Honorable Mention: “Elvis: That’s the Way It Is” (1970)
It’s unfair to compare Elvis Presley’s two documentaries to his dramatic roles, so let’s let them off the hook and call them Honorable Mentions. Presley returned to the stage after a decade of focusing on his film career, and in this concert film from Oscar-winning filmmaker Denis Sanders, waves of relief practically radiate off the screen. The first third is a behind-the-scenes look at his rehearsals and backstage nerves, but the rest of the film is a strong set of hit songs, with The King playfully winning over the audience and settling back into his element. It’s not the most polished concert film, but it’s a treat.
Honorable Mention: “Elvis on Tour” (1972)
Presley’s second concert film tries a little harder to integrate actual documentary filmmaking between the musical numbers, to sometimes satisfying and sometimes comical effect. (One montage of his famous movie kisses seems to have been crafted entirely out of clips from his most embarrassing films.) Too many of the songs are repeats from “That’s the Way It Is,” and Presley already seems to have lost a lot of the energy he regained from his big return to the stage. It’s not The King at his best, but it ain’t The King at his worst.
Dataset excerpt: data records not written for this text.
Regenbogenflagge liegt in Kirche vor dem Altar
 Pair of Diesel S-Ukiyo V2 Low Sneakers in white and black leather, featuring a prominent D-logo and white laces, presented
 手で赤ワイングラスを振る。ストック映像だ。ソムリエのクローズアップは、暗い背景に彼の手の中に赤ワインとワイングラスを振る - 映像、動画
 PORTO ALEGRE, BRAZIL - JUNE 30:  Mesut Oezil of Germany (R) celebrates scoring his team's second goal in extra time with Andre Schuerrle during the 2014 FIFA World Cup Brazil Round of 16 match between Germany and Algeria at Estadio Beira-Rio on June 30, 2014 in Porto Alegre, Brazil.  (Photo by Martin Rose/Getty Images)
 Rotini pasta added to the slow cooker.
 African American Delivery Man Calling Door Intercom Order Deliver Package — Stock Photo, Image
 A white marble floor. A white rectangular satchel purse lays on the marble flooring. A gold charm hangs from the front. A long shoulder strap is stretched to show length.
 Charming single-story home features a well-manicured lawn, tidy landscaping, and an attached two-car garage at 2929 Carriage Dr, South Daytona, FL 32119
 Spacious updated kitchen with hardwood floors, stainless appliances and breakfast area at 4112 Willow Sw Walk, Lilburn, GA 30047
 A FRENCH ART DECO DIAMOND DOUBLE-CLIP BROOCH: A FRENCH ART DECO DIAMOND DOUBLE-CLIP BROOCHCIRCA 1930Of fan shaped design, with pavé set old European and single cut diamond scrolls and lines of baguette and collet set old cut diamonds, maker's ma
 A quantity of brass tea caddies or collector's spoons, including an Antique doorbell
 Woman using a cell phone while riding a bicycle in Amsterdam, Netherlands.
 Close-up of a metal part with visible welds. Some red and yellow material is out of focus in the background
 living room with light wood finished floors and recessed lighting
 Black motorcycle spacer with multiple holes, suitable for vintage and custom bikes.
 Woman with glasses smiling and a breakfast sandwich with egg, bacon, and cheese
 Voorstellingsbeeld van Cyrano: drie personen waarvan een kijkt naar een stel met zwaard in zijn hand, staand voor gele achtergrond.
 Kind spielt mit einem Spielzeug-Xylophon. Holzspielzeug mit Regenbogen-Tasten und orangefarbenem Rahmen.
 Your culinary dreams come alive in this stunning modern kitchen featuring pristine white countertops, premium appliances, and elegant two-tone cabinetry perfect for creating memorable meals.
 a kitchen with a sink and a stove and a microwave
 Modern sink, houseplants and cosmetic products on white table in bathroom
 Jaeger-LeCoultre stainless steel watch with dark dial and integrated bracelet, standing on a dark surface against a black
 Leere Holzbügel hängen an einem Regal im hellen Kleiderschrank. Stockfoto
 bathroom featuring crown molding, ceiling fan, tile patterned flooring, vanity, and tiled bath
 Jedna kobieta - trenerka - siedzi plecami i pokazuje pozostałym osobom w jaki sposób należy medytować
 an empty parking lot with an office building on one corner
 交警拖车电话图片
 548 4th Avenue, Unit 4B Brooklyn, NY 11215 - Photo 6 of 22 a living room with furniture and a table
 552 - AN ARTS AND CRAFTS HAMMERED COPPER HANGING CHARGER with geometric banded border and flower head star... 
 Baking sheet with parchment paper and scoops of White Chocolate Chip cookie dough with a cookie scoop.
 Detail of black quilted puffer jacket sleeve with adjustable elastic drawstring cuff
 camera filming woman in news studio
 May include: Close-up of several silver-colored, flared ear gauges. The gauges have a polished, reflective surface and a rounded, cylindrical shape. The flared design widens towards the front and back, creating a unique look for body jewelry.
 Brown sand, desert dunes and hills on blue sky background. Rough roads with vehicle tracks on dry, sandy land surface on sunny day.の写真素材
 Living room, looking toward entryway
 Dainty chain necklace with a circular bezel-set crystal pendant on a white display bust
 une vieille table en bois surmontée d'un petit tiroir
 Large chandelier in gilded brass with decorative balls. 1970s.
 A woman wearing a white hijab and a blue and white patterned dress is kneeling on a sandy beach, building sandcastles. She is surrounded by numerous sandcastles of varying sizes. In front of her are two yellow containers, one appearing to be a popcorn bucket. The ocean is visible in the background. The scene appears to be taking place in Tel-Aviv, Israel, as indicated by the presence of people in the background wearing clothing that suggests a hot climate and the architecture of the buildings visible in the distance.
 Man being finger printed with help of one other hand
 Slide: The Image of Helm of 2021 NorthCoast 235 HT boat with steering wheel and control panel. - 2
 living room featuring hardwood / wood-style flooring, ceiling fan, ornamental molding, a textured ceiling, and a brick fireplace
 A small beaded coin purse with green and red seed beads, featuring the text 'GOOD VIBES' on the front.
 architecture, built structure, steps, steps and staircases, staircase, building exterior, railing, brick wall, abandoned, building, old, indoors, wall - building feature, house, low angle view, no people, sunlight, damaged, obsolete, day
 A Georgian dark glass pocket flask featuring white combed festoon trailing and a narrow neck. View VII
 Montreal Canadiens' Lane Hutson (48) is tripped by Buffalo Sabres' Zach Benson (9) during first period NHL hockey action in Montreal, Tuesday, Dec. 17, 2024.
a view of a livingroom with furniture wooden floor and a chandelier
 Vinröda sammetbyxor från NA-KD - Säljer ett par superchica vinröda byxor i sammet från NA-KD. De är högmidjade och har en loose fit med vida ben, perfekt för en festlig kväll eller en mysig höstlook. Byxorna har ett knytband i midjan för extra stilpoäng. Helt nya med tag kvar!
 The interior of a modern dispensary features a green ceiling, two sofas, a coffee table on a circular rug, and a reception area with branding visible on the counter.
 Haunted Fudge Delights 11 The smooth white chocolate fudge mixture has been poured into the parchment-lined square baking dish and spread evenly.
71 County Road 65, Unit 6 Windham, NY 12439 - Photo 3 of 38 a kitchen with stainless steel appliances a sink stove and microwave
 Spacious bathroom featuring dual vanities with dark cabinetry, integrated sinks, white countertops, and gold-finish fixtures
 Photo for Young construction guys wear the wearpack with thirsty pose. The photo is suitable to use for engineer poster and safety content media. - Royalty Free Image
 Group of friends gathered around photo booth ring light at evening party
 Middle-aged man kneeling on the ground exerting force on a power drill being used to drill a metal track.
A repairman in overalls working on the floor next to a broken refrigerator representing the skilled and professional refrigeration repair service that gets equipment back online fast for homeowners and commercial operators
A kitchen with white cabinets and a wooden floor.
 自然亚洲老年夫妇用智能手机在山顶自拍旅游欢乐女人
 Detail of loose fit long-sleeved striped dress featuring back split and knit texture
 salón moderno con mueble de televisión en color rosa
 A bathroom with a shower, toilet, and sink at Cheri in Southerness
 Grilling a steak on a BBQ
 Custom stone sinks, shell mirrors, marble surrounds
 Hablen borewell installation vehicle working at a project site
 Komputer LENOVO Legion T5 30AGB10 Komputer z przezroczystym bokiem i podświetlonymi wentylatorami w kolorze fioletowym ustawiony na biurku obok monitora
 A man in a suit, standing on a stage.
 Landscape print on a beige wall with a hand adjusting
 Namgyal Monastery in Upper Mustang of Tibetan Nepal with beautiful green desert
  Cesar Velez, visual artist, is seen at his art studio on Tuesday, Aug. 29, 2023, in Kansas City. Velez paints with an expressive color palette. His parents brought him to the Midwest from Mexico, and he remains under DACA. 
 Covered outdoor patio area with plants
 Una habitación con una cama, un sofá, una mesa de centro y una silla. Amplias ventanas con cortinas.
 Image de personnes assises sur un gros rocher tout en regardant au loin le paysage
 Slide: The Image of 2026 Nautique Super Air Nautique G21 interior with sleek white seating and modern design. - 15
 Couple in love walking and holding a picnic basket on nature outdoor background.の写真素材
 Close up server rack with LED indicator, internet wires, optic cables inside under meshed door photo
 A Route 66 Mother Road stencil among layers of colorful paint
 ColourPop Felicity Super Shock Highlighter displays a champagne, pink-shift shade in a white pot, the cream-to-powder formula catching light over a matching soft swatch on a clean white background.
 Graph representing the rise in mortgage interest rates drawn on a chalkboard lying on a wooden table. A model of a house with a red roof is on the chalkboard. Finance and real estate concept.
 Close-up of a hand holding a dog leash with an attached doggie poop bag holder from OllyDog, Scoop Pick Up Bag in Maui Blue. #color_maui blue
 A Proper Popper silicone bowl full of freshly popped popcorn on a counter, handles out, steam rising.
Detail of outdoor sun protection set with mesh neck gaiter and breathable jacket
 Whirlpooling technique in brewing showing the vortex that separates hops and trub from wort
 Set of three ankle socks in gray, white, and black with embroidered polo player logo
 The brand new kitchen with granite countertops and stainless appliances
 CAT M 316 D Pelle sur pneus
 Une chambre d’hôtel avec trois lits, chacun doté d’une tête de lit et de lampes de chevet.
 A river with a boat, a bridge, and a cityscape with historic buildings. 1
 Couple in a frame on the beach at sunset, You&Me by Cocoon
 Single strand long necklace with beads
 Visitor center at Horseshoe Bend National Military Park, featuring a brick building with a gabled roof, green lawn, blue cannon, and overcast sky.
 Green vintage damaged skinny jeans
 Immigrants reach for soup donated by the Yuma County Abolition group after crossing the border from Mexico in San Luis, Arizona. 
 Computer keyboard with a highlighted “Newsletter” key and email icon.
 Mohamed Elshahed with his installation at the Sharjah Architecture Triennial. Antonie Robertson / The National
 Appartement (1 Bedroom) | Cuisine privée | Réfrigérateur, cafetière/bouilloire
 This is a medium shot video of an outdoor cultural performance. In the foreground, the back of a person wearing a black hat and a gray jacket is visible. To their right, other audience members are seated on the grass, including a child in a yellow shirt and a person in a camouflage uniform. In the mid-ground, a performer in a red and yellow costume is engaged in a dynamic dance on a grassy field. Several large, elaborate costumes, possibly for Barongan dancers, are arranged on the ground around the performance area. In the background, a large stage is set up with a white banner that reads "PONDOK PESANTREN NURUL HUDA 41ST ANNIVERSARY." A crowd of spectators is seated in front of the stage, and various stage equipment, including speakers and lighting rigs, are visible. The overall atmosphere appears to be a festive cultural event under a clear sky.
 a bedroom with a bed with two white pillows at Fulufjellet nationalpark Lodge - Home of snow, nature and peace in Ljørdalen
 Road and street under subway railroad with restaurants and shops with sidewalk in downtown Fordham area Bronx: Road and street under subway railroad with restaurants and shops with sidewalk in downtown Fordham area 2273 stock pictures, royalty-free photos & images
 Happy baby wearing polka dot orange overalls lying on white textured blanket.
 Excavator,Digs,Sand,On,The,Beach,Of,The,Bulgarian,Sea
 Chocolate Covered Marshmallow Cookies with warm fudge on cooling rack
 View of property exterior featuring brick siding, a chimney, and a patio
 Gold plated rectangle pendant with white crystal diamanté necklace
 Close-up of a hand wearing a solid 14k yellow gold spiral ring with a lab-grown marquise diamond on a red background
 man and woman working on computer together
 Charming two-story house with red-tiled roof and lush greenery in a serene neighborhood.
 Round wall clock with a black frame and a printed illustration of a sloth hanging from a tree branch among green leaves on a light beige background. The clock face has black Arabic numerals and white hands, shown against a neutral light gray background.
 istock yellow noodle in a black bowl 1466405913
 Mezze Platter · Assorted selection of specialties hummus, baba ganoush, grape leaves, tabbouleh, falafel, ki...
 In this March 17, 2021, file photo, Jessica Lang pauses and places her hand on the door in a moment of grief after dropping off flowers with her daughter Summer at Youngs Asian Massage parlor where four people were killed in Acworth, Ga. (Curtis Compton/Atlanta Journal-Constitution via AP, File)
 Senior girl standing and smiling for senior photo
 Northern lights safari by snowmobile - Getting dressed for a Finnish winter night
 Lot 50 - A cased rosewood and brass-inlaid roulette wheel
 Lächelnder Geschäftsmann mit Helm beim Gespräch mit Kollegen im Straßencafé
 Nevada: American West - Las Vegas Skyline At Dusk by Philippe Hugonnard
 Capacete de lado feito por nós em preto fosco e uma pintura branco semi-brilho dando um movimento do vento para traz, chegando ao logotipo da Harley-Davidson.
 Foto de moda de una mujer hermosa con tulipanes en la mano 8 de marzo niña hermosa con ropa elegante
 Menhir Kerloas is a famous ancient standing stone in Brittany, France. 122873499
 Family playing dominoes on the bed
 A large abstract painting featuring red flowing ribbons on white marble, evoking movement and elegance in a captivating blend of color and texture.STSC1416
31. “Stay Away, Joe” (1968)
Presley (at a low point in his career) plays a Navajo man who arranges for his father, Burgess Meredith (also at a low point in his career), to get a herd of cattle from the U.S. government. If he can make a profit, the government will aid all indigenous peoples, so there’s a lot at stake here. However, they get so drunk and rowdy they kill and eat the only bull. Now Elvis has to find another bull (which can’t perform sexually, and Elvis sings a song about it) when he’s not trying to seduce an underage girl. “Stay Away, Joe” is ugly, insulting and gross, and somehow — and this is the only impressive part — it’s also boring.
30. “Double Trouble” (1967)
It turns out the girl Elvis Presley has been dating is underage — a plot point which happens twice, but twice too often in these movies — and he tries to ditch her as she chases him across Europe. Along the way they encounter a gang of assassins who wants one or both of them dead, for mysterious reasons. Presley made nine films with Oscar-winning director Norman Taurog, and this is the worst, despite some energetic direction and quality production design. The central “romance” is extremely creepy (and having Elvis sing “Old MacDonald” to his leading lady only makes it worse), but the film seems to think it’s whimsical and sweet. Yikes.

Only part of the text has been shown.